Thursday, April 2, 2015

New Zealand's neutral cash rate - think "spread" not absolute level

In this post our Head of Investment Strategy Keith Poore argues that in a small open economy such as New Zealand it's useful to think about the neutral cash rate as a spread to the global neutral cash rate rather than the absolute level. 

Determining the neutral cash rate is a challenge. This is because it is not directly observable and it is difficult to estimate precisely what the current level should be.
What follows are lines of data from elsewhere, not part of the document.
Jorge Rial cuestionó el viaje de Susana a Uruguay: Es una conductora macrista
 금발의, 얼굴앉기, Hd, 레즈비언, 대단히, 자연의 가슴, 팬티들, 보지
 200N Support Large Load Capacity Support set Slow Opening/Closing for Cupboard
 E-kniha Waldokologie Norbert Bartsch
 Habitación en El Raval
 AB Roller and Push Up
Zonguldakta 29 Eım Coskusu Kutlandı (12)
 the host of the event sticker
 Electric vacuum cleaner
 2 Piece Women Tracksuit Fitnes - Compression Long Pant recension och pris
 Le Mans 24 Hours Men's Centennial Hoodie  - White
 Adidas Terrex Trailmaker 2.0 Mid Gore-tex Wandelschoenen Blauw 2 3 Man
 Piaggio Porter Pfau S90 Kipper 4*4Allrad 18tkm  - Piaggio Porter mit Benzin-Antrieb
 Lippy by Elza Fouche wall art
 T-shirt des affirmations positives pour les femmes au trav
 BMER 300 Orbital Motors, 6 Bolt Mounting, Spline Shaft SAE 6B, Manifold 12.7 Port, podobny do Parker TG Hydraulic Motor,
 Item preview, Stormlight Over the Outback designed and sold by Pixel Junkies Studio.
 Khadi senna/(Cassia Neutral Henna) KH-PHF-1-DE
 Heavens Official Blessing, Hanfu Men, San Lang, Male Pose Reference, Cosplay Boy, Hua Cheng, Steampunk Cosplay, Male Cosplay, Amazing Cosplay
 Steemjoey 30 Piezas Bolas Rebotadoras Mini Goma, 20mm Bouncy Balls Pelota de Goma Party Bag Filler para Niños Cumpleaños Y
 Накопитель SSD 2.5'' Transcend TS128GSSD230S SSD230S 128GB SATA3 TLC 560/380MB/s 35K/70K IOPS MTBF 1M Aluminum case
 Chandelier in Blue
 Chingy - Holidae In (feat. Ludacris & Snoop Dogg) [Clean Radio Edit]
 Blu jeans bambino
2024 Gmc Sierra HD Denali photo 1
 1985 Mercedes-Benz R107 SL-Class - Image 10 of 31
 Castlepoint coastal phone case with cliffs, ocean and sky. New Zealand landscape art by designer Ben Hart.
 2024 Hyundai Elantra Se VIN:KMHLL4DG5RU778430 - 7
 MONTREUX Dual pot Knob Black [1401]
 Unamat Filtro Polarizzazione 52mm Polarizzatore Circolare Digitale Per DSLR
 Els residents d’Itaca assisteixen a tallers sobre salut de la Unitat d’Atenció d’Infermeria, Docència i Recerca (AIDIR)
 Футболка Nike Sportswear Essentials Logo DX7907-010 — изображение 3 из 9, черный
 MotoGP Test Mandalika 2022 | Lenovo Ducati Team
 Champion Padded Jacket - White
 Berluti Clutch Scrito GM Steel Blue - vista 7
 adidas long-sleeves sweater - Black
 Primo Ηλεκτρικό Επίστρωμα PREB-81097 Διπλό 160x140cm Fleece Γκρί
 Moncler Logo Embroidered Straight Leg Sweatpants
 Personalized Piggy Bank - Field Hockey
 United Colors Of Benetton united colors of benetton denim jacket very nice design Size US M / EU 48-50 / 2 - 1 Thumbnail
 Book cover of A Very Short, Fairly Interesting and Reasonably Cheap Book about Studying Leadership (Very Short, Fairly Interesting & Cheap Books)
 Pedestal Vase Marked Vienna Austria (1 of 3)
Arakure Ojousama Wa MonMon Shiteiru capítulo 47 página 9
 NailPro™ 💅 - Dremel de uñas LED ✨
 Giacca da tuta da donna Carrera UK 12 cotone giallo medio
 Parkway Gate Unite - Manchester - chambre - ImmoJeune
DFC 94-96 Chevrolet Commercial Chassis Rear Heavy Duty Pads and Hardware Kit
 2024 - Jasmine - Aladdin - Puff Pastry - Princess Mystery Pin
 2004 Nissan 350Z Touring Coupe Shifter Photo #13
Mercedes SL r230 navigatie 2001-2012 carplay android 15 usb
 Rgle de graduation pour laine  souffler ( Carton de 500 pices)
This note takes a look at why for a small open economy such as New Zealand the neutral rate may be better interpreted as a spread to the global cash rate, rather than some absolute level or number.  We also discuss how current economic and policy settings can be reconciled when viewed through this spread lens.

What is the neutral cash rate?
To set the scene, it is worth reflecting on exactly what the neutral cash rate is.  The neutral cash rate is rate that neither adds nor detracts from inflation when the economy is growing at potential (i.e. there is a zero output gap) and inflation is at target.

Global influence
A small open economy (SOE) like New Zealand should be heavily influenced by offshore developments.  This is primarily through the trade channel, but is also through financial sector linkages, shared technological advances as well as business and consumer confidence spillover effects.
Annual GDP

Source: IMF, AMP Capital

Given the trade and other linkages, it is fair to assume that global and SOE inflation will generally move together and share periods of higher and lower inflation.
Annual inflation

Source: IMF, AMP Capital

If major global central banks are responding to the main drivers of inflation, it is also fair to assume a SOE central bank will want to respond to those same drivers given inflation’s international co-movement.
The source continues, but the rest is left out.